Disclaimer: No part of this newsletter is scripted using ChatGPT. We’re 100% human.
As a Google Sheets lover and fan forever, I will find any and every excuse to not use Microsoft Excel. So when Excel came out with their COPILOT function formula, I was genuinely intrigued and gave it a shot.
Introducing the COPILOT function, which now instead of chatting with the sidebar, you can prompt directly into the function and make it do things. It’s kind of like vibe coding but with Excel functions… or is it?
I mean now I don’t need to dump my Excel file into my LLM of choice and ask it a bunch of questions, I can do it right in a cell itself… or can I?
I mean the greatest minds at Microsoft had to have created a magic formula that put their users needs top of mind… or did they?
Short answer: it’s subpar at best based on it’s use cases.
The Syntax
For those of that don’t know, the syntax is the stuff inside of the Excel Formula.
To breakdown the COPILOT syntax:
prompt_part (required): text instructions (your natural-language “ask”)
context (optional but highly recommended): cell/range references that contain the data to use
The output: a spill like an array but multi-row/column
Use Cases and Limitations
Microsoft recommended the following ways to use COPILOT to work more efficiently and effectively:
Spur ideas: Whether you’re planning a marketing campaign or designing new product features, the COPILOT function makes brainstorming directly in the Excel grid easy. Need a set of SEO keywords based on a product description? Want to rewrite messaging for clarity or change the tone? COPILOT can handle that, too. - I don’t remember marketing or product teams ever using Excel
Generate summaries: The COPILOT function can distill large data ranges or long passages into concise narratives, highlight trends, or produce plain language explanations for complex calculations.
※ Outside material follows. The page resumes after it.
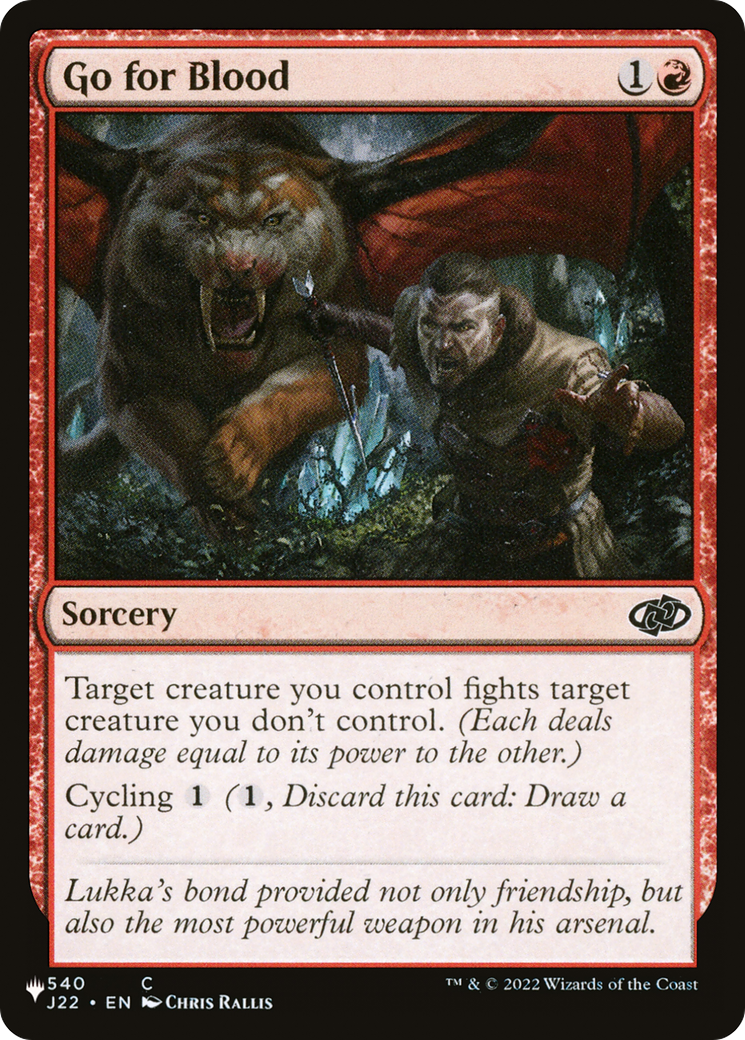 Go for Blood (LIST-540/051) [The List]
This is especially valuable for reporting when you need to turn lengthy background material into concise, audience-ready content. - What’s the difference between this and putting it into an LLM?
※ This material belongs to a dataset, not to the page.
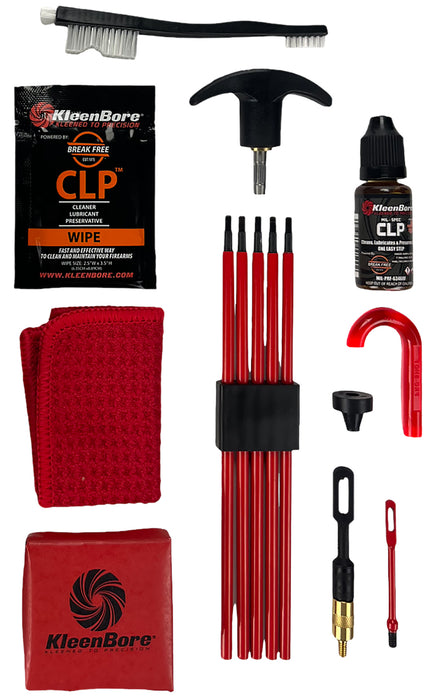 KleenBore SAF300 SAF-T-CLAD Universal Classic Cleaning Kit 22 Cal - 12 Gauge Handguns / Rifles / Shotguns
Classify data: You can use the COPILOT function to categorize text data, such as customer feedback, support tickets, or survey responses, right in your spreadsheet, instead of having to export the data to another tool for tagging or sentiment analysis.- What’s the difference between this and putting it into an LLM?
Create lists or tables: The COPILOT function can generate lists and tables of data that fit seamlessly into your models. Whether you’re building a quick dataset for testing formulas, assembling a list of industry examples, or drafting a project plan outline, the function can return multi-row, multi-column outputs that spill directly into the grid.- What if I want to adjust or nicely format the list or table quickly?
Summarizing coffee machine feedback was the big demo Microsoft put out on YouTube:
Then they proceeded to list all the limitations related to COPILOT, including:
No large array support: Rows can be omitted when returning arrays. To work around this, restructure your queries to return smaller array results.
Low guidance: We are investigating providing user guidance when the COPILOT function is used for tasks not suitable for LLMs. For example: =COPILOT(“Sum these values”,A1:A10).
No enhanced knowledge: The COPILOT function is model grounded, with no access to web and enterprise data. We are investigating adding support for expanding these capabilities.
No date support: Currently, the COPILOT function returns dates as text rather than Excel’s date serial format.
No financial sense? I mean you must be playing a practical joke.
My general takeaway: the product managers at Microsoft need help because ~70% of the world’s Excel users use it for financial purposes, yet the COPILOT function is best used for summaries not for financial purposes and bonus: it cannot access web or enterprise data.
Personally I wouldn’t even bother releasing something that doesn’t change the life of a majority of my users in the way they use it. Product Management 101.
So now what?
This is a very good start, I’m excited to see what Version 2 will look like but for now it’s quite limited in it’s use cases as you can see above.
I’ll always be open minded to many things, including how COPILOT can materially change the way I work, so if you have any suggestions, please pass it along. Until then, long live Google Sheets.